I used the reverse cast method because it was just a tabletop (easy to flip). For kitchen countertops I think it is more common to cast in place.

It was a neat project, but a lot of work. If I wanted a similar look inside my house I would probably lean toward a gray quartz option.


----------



## Phids (Sep 24, 2020)

Ware said:


> I used the reverse cast method because it was just a tabletop (easy to flip). For kitchen countertops I think it is more common to cast in place.


What is the "reverse cast method"?


----------



## Ware (Jan 28, 2017)

Phids said:


> Ware said:
> 
> 
> > I used the reverse cast method because it was just a tabletop (easy to flip). For kitchen countertops I think it is more common to cast in place.
> ...


You're basically casting the countertop upside down in a form made from melamine board. So when you pop the forms off and flip it over it is very flat/smooth because the top side was cast against the smooth melamine. You still have to do some polishing, but you don't have to worry too much about perfecting the surface of the concrete when you pour it because that side is on the bottom when you flip it.

Casting in place requires more effort when finishing the concrete surface because the top you see when you pour is the top you get.

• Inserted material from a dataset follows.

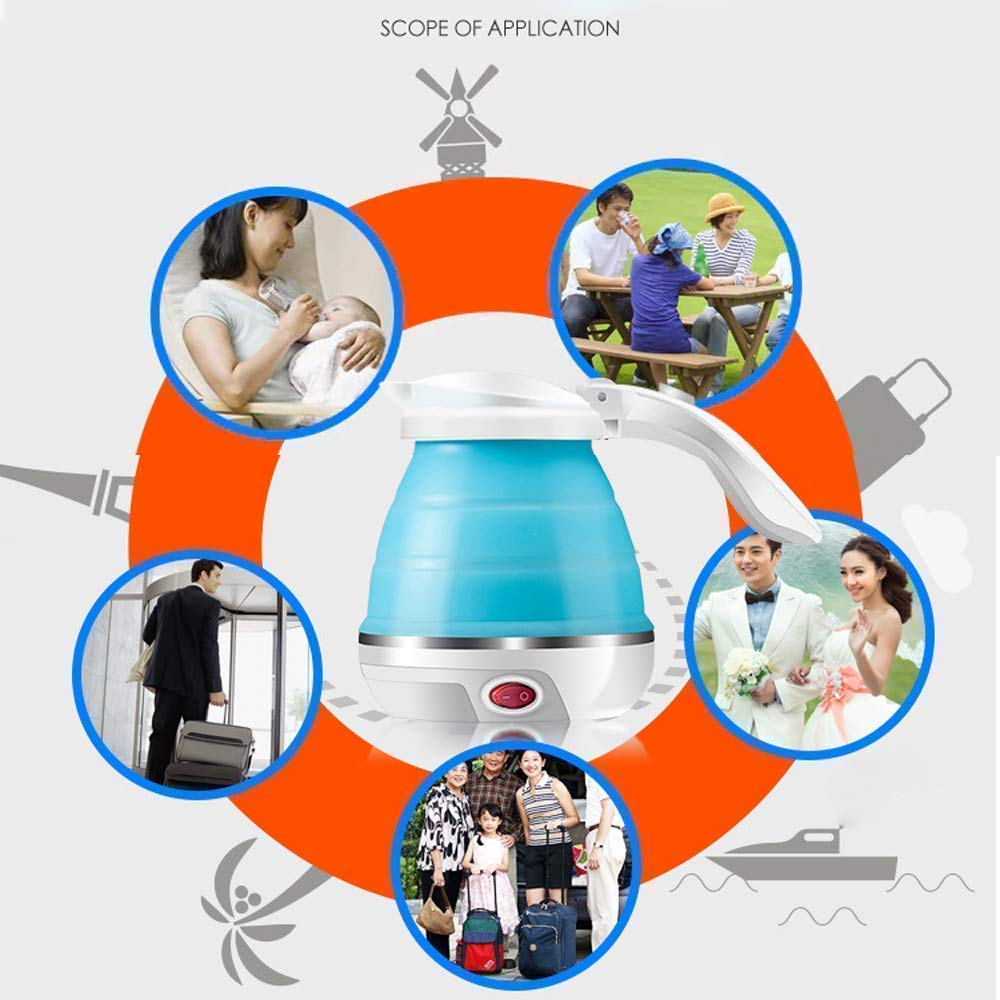 Foldable Electric Travel Kettle - Portable and Convenient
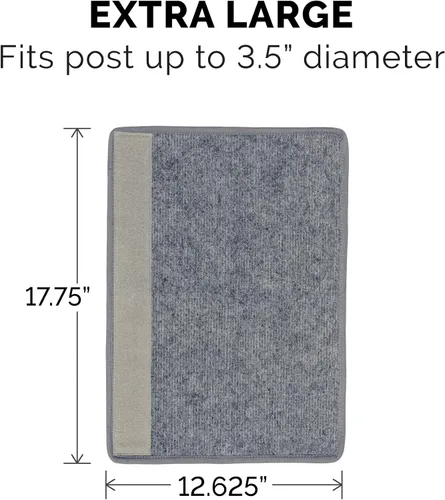 Miniatura 2 de Furhaven Funda para poste rascador envolvente para gatos de interior, se adapta a postes de hasta 3.5 pulgadas de diámetro, duradera y menos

Hopefully that makes sense.


----------



## Monocot Master (Feb 28, 2021)

My counter segments are pretty small, so initially I am thinking I would do pre-cast. Honestly though, I have not studied it too much yet so will just have to see where things go. But I can say, concrete is a pretty incredible material. The possibilities seem endless with colorants, aggregates, etc, etc.


----------



## berisiw (3 mo ago)

Ware said:


> You're basically casting the countertop upside down in a form made from melamine board. So when you pop the forms off and flip it over it is very flat/smooth because the top side was cast against the smooth melamine. You still have to do some polishing, but you don't have to worry too much about perfecting the surface of the concrete when you pour it because that side is on the bottom when you flip it.
> 
> Casting in place requires more effort when finishing the concrete surface because the top you see when you pour is the top you get.
> 
> ...


Anybody ever do them? I'm considering making some in the near future


----------



## nATLzoysiaguy (7 mo ago)

@Ware What do you estimate the concrete table top weighs? I love the idea! Spending so time around the smoker during the holidays makes me wish I had something like this for prep space and people to hangout at.


----------



## Ware (Jan 28, 2017)

nATLzoysiaguy said:


> @Ware What do you estimate the concrete table top weighs? I love the idea! Spending so time around the smoker during the holidays makes me wish I had something like this for prep space and people to hangout at.


Concrete weighs about 150 pounds per cubic foot, so to estimate the weight of a countertop you could multiply:

length (in) x width (in) x thickness (in)

That gets you the volume in cubic inches. Divide by 1,728 to convert to cubic feet (1 cubic foot is 12in x 12in x 12in).

Then multiply by 150 to get the approximate weight.


----------